■ **ABOUT THIS TASK**
Repeat all the data exactly, and where a record holds a picture, leave that picture out.

☆ ☆ ☆ ☆ ☆ ☆ ☆

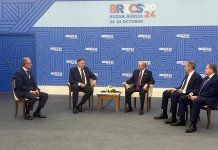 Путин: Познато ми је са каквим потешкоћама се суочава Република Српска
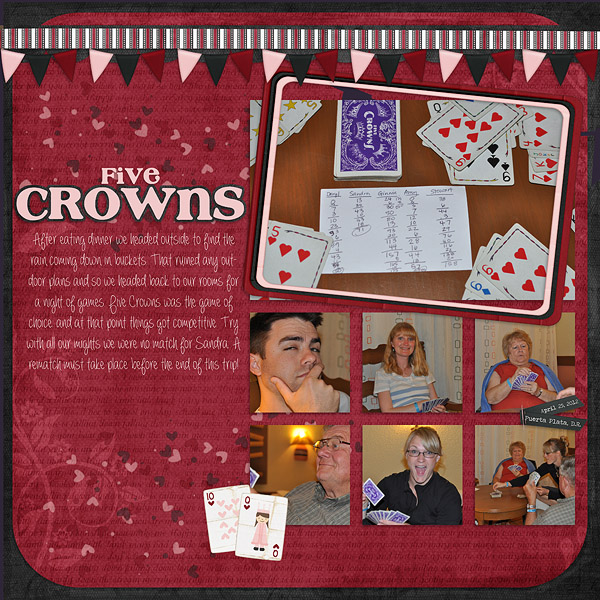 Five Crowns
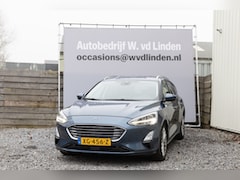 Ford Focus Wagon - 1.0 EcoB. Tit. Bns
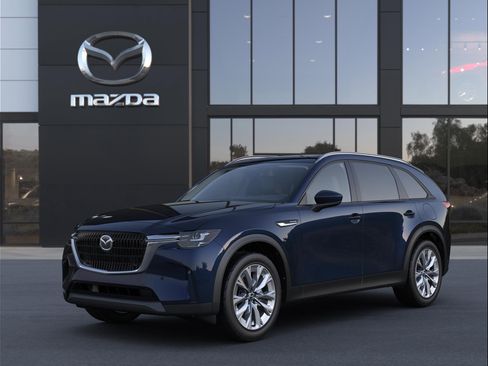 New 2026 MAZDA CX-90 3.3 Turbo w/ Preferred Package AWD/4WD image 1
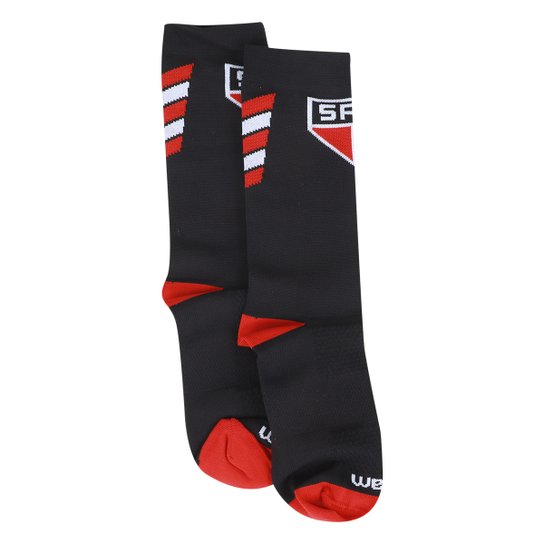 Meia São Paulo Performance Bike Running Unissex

☆ ☆ ☆ ☆ ☆ ☆ ☆

■ **EXERCISE SOLUTION**
 Путин: Познато ми је са каквим потешкоћама се суочава Република Српска
 Five Crowns
 Ford Focus Wagon - 1.0 EcoB. Tit. Bns
 New 2026 MAZDA CX-90 3.3 Turbo w/ Preferred Package AWD/4WD image 1
 Meia São Paulo Performance Bike Running Unissex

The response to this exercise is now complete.